There’s nothing you use more in your car than the driver’s seat, and its level of comfort can be all the difference between an enjoyable drive and a miserable one, regardless of the car’s other performance or luxury features.
While you don’t always get the opportunity to sit in a car for long periods before buying, there are some things you should consider before signing on the dotted line when it comes to seat comfort.
Cloth: Cloth seats have come a long way from fake velvet and woven knits of decades gone by, and many cars feature seats made from durable and porous nylon, which looks good and keeps cool. Some cheaper cars use PVC fabric, which isn’t as comfortable. Cloth seats are usually well cushioned and comfortable for people of average build.
Vinyl: Once associated with burnt thighs, fading, brittleness and carsick-inducing fumes, vinyl is now an increasingly premium option and referred to as imitation leather, faux leather or even vegan leather. Vinyl seats look good, come in a wide range of colours and are easy to clean. They are usually a more costly option than cloth seats, however they’re not necessarily more comfortable as they tend to be firmer so you can feel like you’re sitting on them rather than in them.
Alcantara: This synthetic suede-like material is prolific in sports cars for seats, steering wheels and trim, and is often used in conjunction with leather. Alcantara is durable, feels good to touch and provides good grip to stop you sliding around the seat in tight corners.

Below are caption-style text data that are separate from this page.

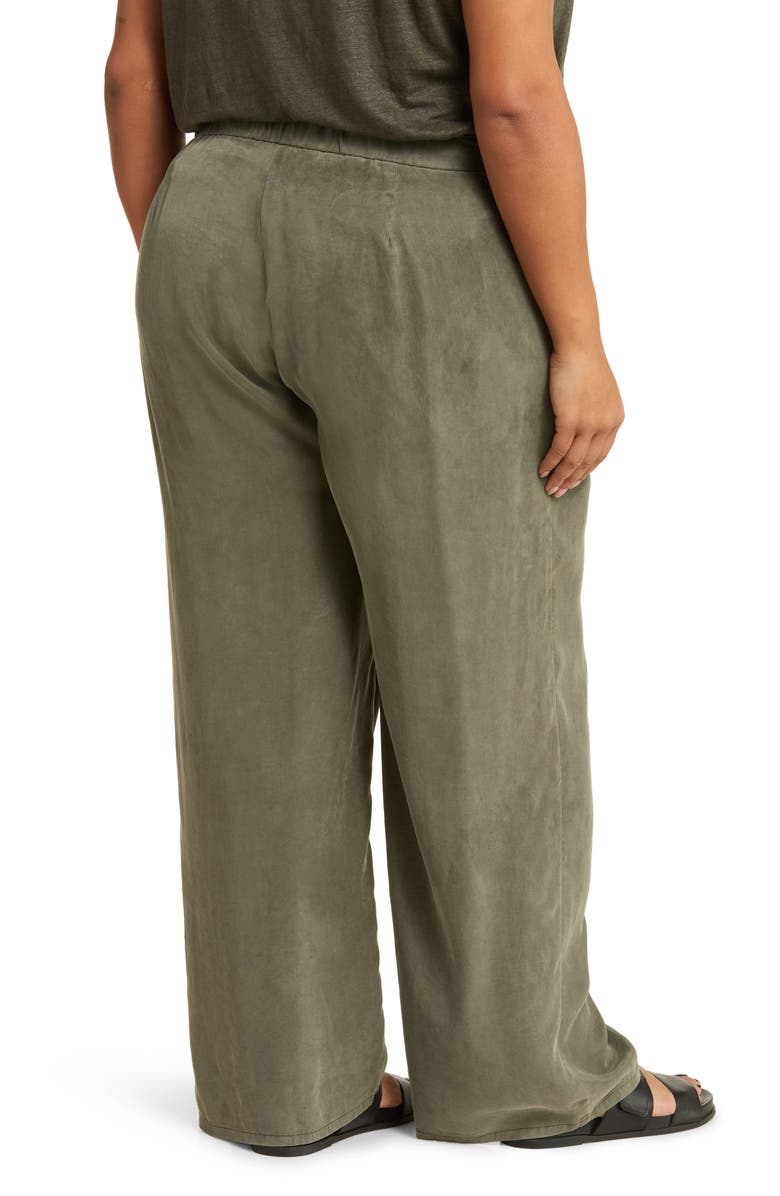 Eileen Fisher Pleated High Waist Pants, Alternate, color, Grove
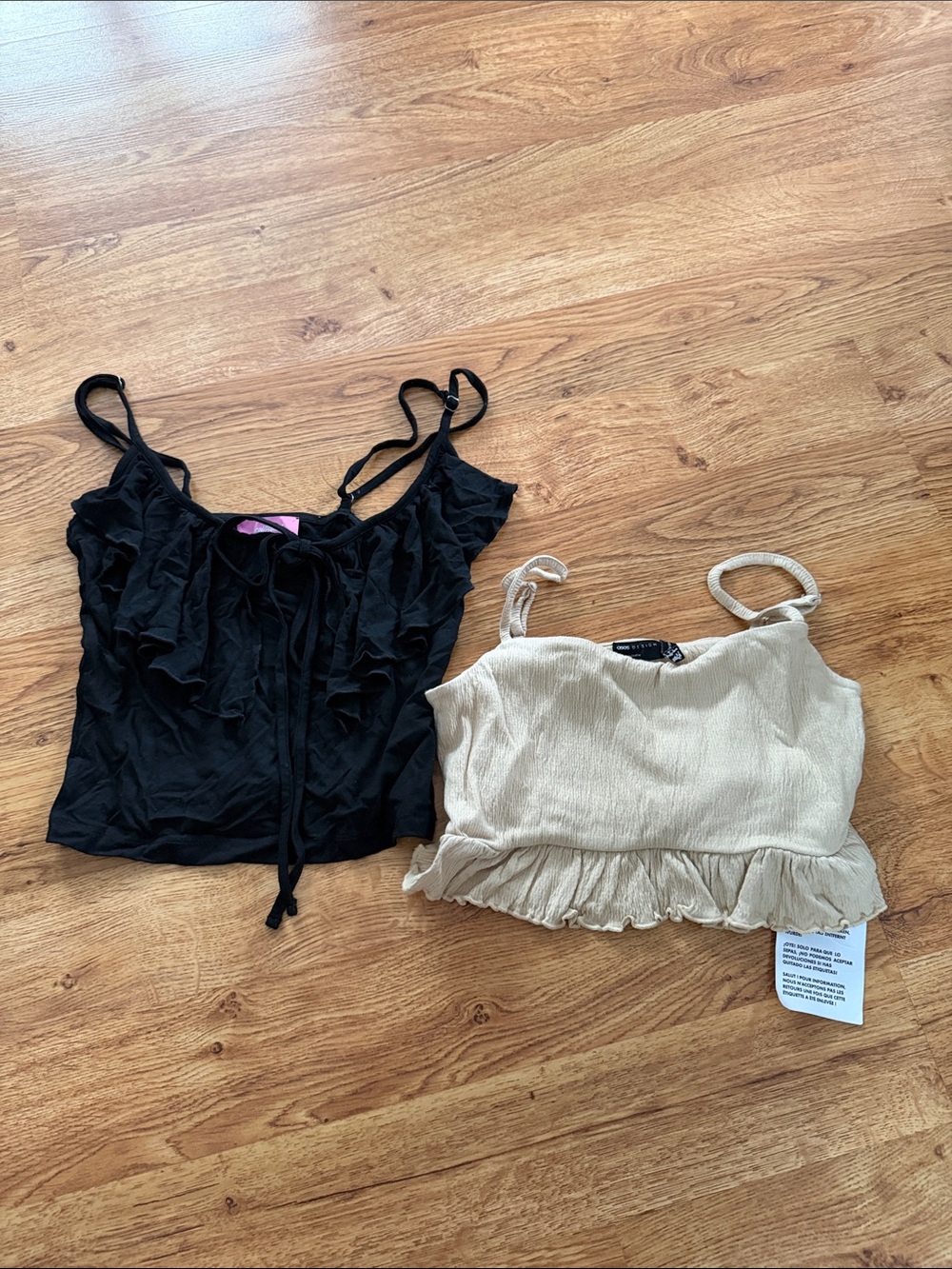ASOS Black & Cream Ruffle Tie-Front Camisole Pair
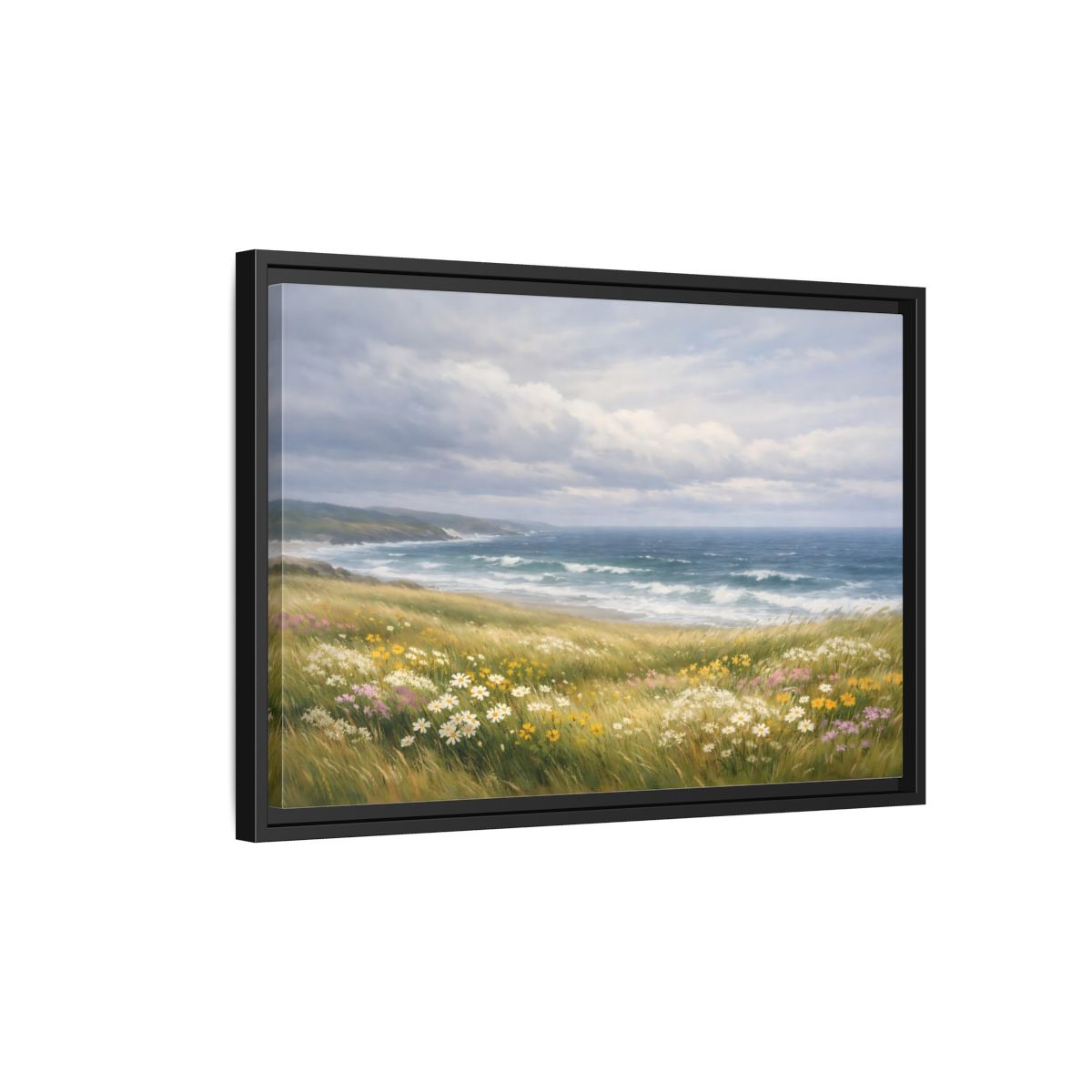Side Mockup 3. Nature Coastal Landscape Wildflower Coast shown as stretched canvas wall art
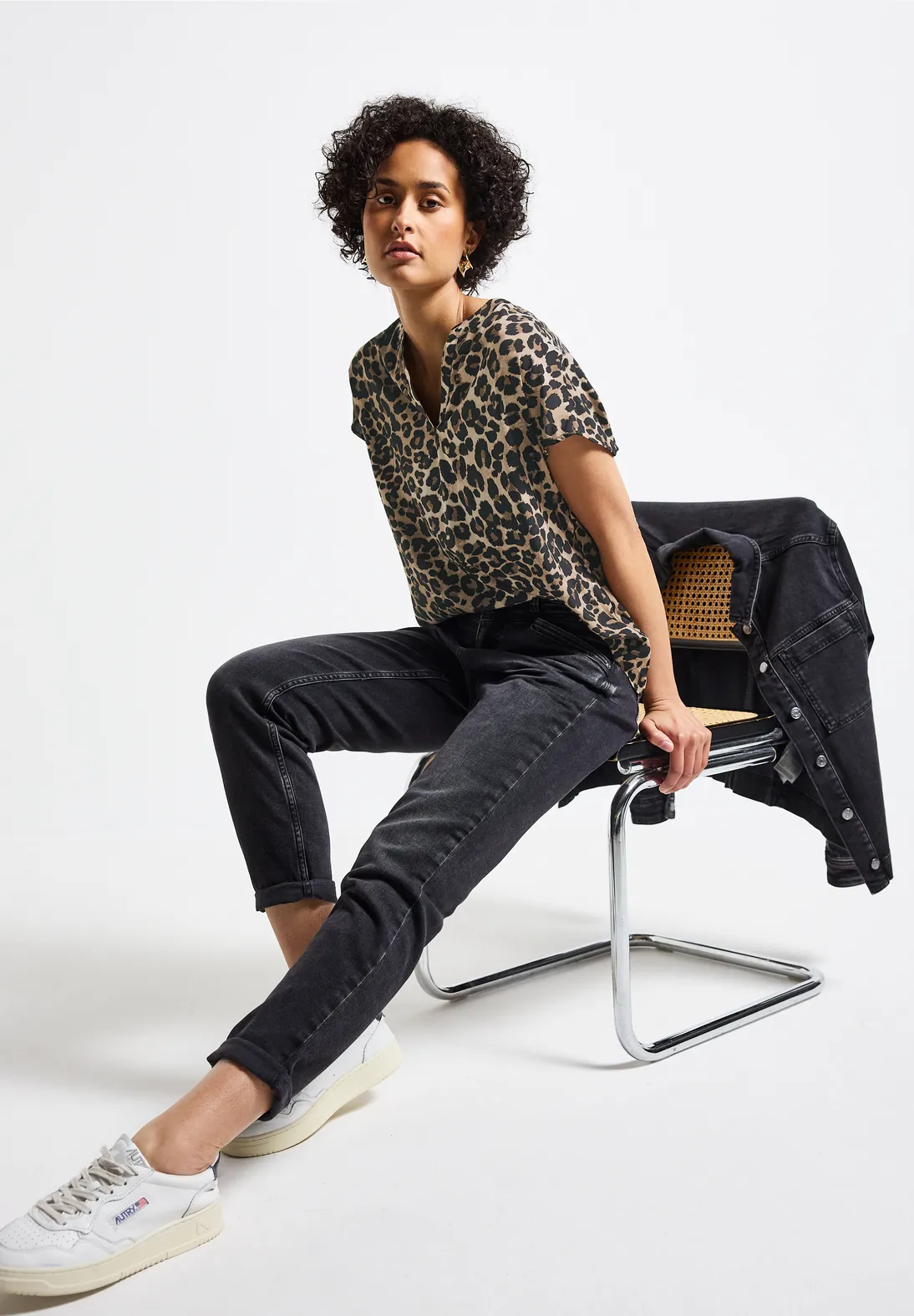 Street One Blusenshirt mit Leo-Muster - Black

Leather: Real leather seats look and feel luxurious. Their quality and cost depends on the type of leather and the tanning and finishing processes used. Some leather seats have synthetic coatings to enhance colour, feel and durability. While these are usually more affordable they aren’t to be confused with imitation leather, though they can feel just as firm. The cost of leather seats is often amplified by the fact they’re most likely to come with powered settings.
Regardless of what seats are made from, their ultimate comfort relies on how well they support your body. The back rest is the most important component. You want side bolstering to prevent lateral movement, but you don’t want it so narrow that it digs into your hips and lower back. You also want good support for your lower back (lumbar support) and the lower seat cushion to be deep enough that it supports most of your thighs.
Your basic car driver’s seat has height, forward/back, headrest height, and backrest pitch adjustments, which are all you really need if the seat is well constructed and suits your body shape.
But it’s very difficult to make a one-size-fits-all seat, so extra settings may be necessary, such as adjustable lumbar support, which is great for long drives. Bigger people might also appreciate the ability to adjust side bolstering, under-thigh support and headrest height.
Seats with all of these functions usually use electric switches for all or some of the functions as they’re less bulky and offer more precision, but they do drive up the cost.
Even if you get your seat to feel Goldilocks right, there are even more ways to add to your comfort levels, such as heated seats. This may seem like an unnecessary feature if you have never tried it, though it really does feel relaxing to jump into a car on a cold day and feel that warmth, which can also help soothe a sore back.
Ventilated seats are also becoming more common and are great for Aussie summers. As well as the comfort they offer on a hot day, they help prevent sweating and getting your shirt wet, which is very handy if you’re a sales rep.
Massage seats are a totally gratuitous feature, though a back rub while you drive could be a godsend if you have back problems and/or drive long distances.
Do you want to drive your new convertible with the roof down at every opportunity even in winter? An ‘air scarf’ located below the headrest blows hot air on your neck. Like the above features, it seems rather superfluous until you try it.
Seat position memory settings makes it easy return the driving position to your preferred spot after someone else has driven your car. Two memory positions are common, though more premium cars have three or four settings. As well as adjusting the seat, some cars with this function also adjust the door mirrors and steering wheel.
Weighing up the costs
Upgrading from cloth seats with four manual adjustments to full leather, with 10-power settings and other creature comforts, will add thousands to the cost of your car. There’s a lot in between, but it’s not always a simple matter of being able to add one or two things. For example, if you want lumbar support or heated seats you’ll generally need to upgrade to vinyl or leather, which are more likely to have power settings, which further add to the cost. Or it could mean having to choose a higher spec model of the car you’re buying.
See what options are available and how they’ll benefit you. You won’t regret spending a little more if it means making your new car a more pleasant and comfortable place to be.